À la tombée du jour je tente une promenade sur l'avenue. Les rabatteurs des felouques grimpent la rive en soulevant leur robe pour arriver plus vite, ils tiennent les pans entre leurs dents, selon la coutume des Saïdis. Ils n'ont rien gagné depuis plusieurs jours. Tous les dix pas, il y en a un qui attend l'oiseau rare. Je m'esquive avec le plus de courtoisie possible, m’éloigne le plus que je peux des débarcadères, mais sur la chaussée suivent plusieurs calèches qui guettent. «French ! French !» Ils hurlent debout sur leur siège.
J'aimerais bien disparaître un temps et m'asseoir à l'ombre, face aux montagnes de l'Ouest, la rive des morts, pour lire dans le calme, l'air est doux, il y a des oiseaux, aucun ronronnement de turbine ne trouble le silence du Nil, et le vacarme des prédicateurs ne parvient pas jusqu’ici. Mais j’entends piaffer derrière les arbres, ils ont là cinq ou six chevaux qui n'ont peut-être pas mangé. Un monsieur très comme il faut m'explique dans un français correct, rencontre rarissime depuis l’Affaire de Suez, qu'il conviendrait que je loue une felouque, maintenant que j'ai pris une calèche, pour apporter quelques bénéfices à un marinier sans travail depuis des semaines. J'entends bien...

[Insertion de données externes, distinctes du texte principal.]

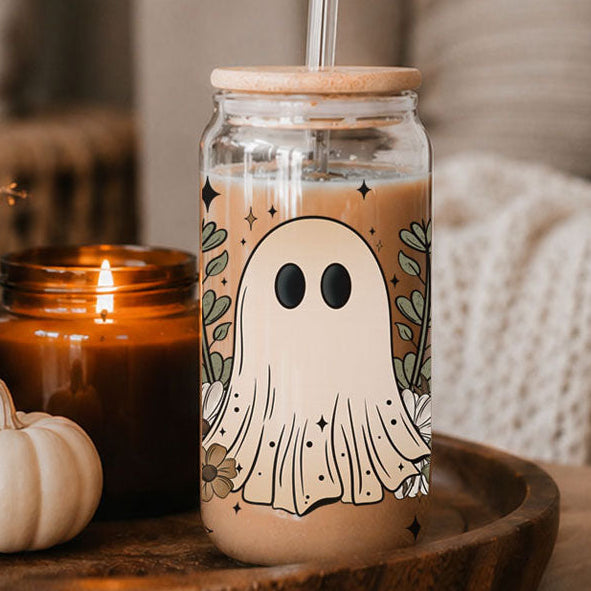 Fall Cottagecore 20 oz Glass Tumbler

Voilà ce qui arrive lorsqu'on profite d'un luxe qui ne vous était pas destiné, on a un rang à tenir. J'aurais dû choisir un hôtel moins affiché. Toutefois, on ne voit pas de mendiants, les pauvresses ne tendent pas la main, les enfants dans la rue crient « Hello ! » mais ne demandent rien (du moins dans le centre-ville), on se dispute le client, pas l'aumône, cela change du Trocadéro. La solitude des sentinelles
Je me suis fait un copain, le petit soldat qui joue à la sentinelle et monte la garde dans le minuscule mirador que l’on voit planté à l’entrée de la place. De semblables postes de guet se devinent tout au long de l’avenue. Perchée sur une colonne, sorte d’obélisque en béton, la guérite est une étroite alvéole percée de lucarnes, plantée à quatre mètres de hauteur. Le soldat est là-haut isolé comme un stylite : ci-contre, à droite, une des étranges échauguettes en béton sur pédoncule.

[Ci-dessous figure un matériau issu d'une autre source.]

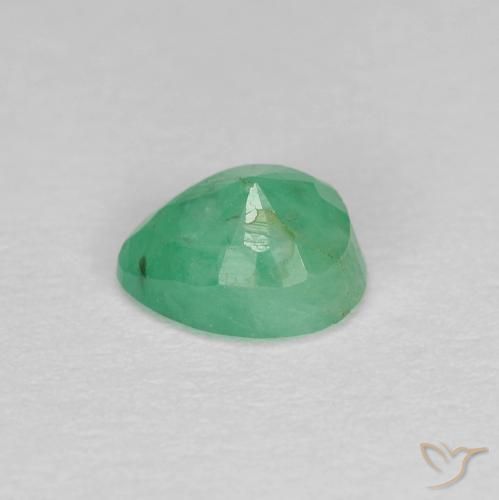 Esmeralda verde natural 0,47ct, formato de pêra, SI-I1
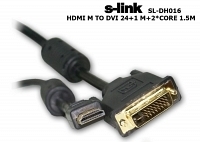 S-link SL-DH016 DVI (24+1)M to HDMI 1.8M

Hier, l'ermite du béton m’a salué et je lui ai répondu d’un geste. Aujourd’hui, il me reconnaît de loin, me hèle, sourit de toute sa bonne tête de Saïdi boucané. Nous ne nous parlerons jamais vraiment, mais cet échange aérien le distrait un peu.
À chaque passage, je marque un arrêt sous son balcon. Au fait, comment montait-il là-haut et pourquoi était-ce toujours lui que je voyais ? Déroulait-il une corde à nœuds ? La relève venait-elle avec une échelle sur l’épaule ? Peut-être le laissait-on cloîtré comme un moine des Météores. Partout dans la ville, on apercevait ces petits soldats rigolards en faction dans leur échauguette.

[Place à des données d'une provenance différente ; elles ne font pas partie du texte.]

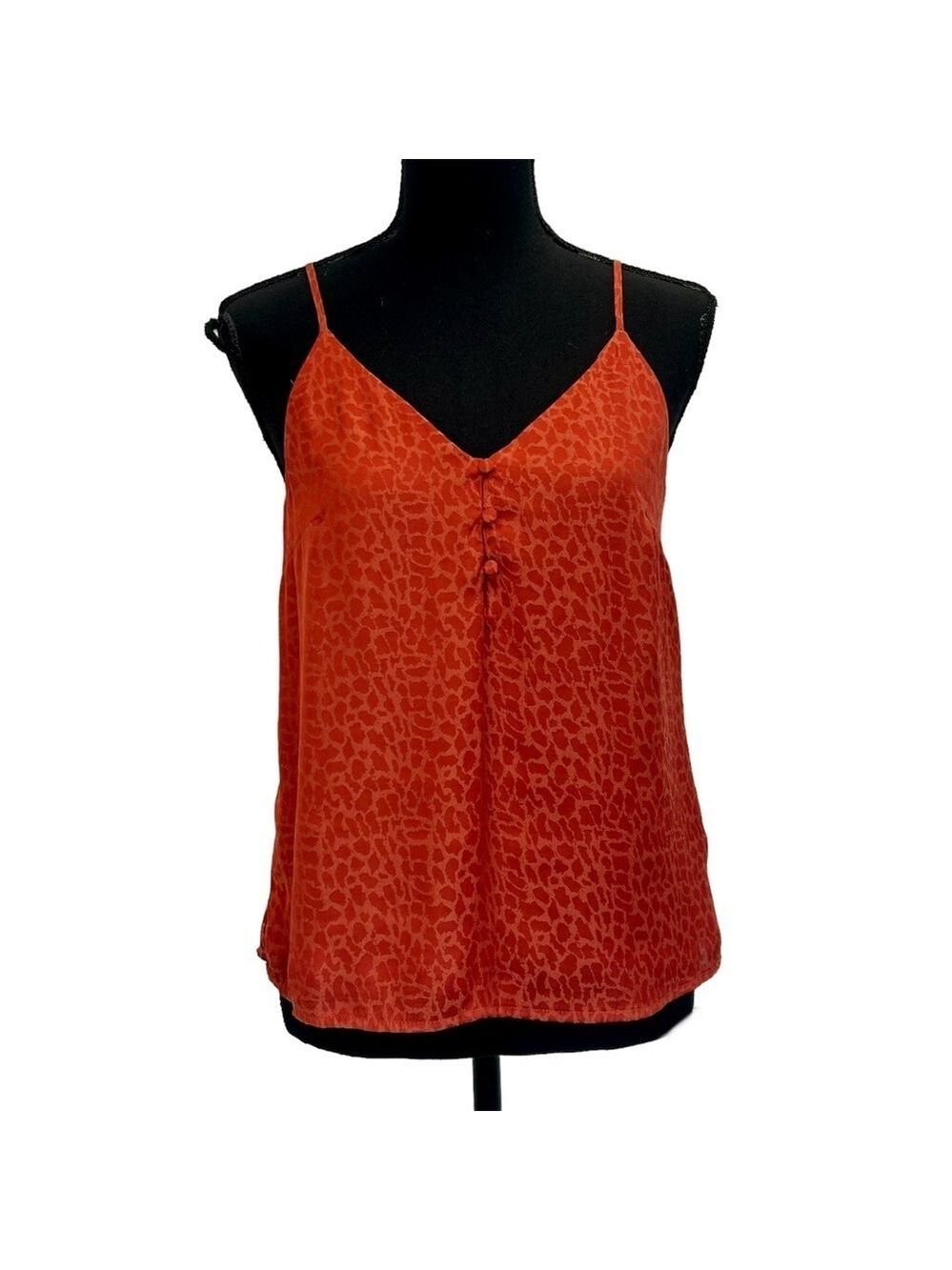A New Day burnt orange leopard cheetah print camisole Sz XS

À quelque chose malheur est bon : l'Autorité a réquisitionné un bataillon de chômeurs pour nettoyer les abords du Nil. Entre les pontons, sous les passerelles, des monceaux d'ordures sont enlevés, tas de gravats, matières plastiques, canettes, immondices accumulés depuis Bonaparte et l'armée d'Orient peut-être, et que la presse des visiteurs rendait tolérable à tous. On nettoie beaucoup depuis quelques semaines. Un vieux réflexe du pouvoir, afin de chasser le mal après une manif pour faire disparaître toute trace de chienlit.
Non au terrorisme !
Quelques avenues sont barrées d'une banderole, il y en a plusieurs en français : « L'Egypte est le pays de la paix. L'Union des étudiants de l'Université EL-AZHAR et le Conseil supérieur de la jeunesse et des sports vous appuient, MOUBARAK, contre la violence et le terrorisme. » Une autre, en quatre langues, au-dessus de l'Agence Louxor-Tourisme, proclame : « NON, NON, au terrorisme. » Près d'une mosquée en construction : « Ail The Religions Against Terrorism. »
Dans le temple d'Amon, le 17 décembre, jour anniversaire de l'attentat, un groupe de jeunes gens brandit un drap peint en rouge : « Sohag Sagutta Commercial School No For Terrorism.» Ils tiennent à ce que je photographie leur slogan, ils insistent pour que je témoigne : « Nous sommes tous contre le terrorisme et désespérés par l'horrible carnage. Il faut que les Français reviennent, dites-le ! » En dix jours, je n'ai pas parlé à un seul compatriote. Dans le quartier central où je commençais à trouver mes repères, entre deux visites de temples, on me reconnaissait et le harcèlement mercantile s'atténuait. Je m'asseyais à la terrasse d'un petit Ali-Baba-Café. On s'habitue à tout, même aux crachotis interminables des minarets en surenchère de haut-parleurs saturés. Les voix tissent un réseau d'imprécations sur la ville. On se croirait en pleine quinzaine commerciale à Rodez.
L'odeur des chichas embaume. J'écris à l'ombre, au bord de la rue commerçante. Le garçon m'a servi un coca. Non loin, un vieillard fume, je parviens à percevoir les glouglous de son narguilé malgré le vacarme aérien. Les cloches de mon enfance résonnaient plus brièvement. À côté, le marchand de souvenirs balaie sa boutique déserte. Je crois qu'il a sorti ses Osiris et ses Bastet en me voyant arriver. Il fait divinement beau.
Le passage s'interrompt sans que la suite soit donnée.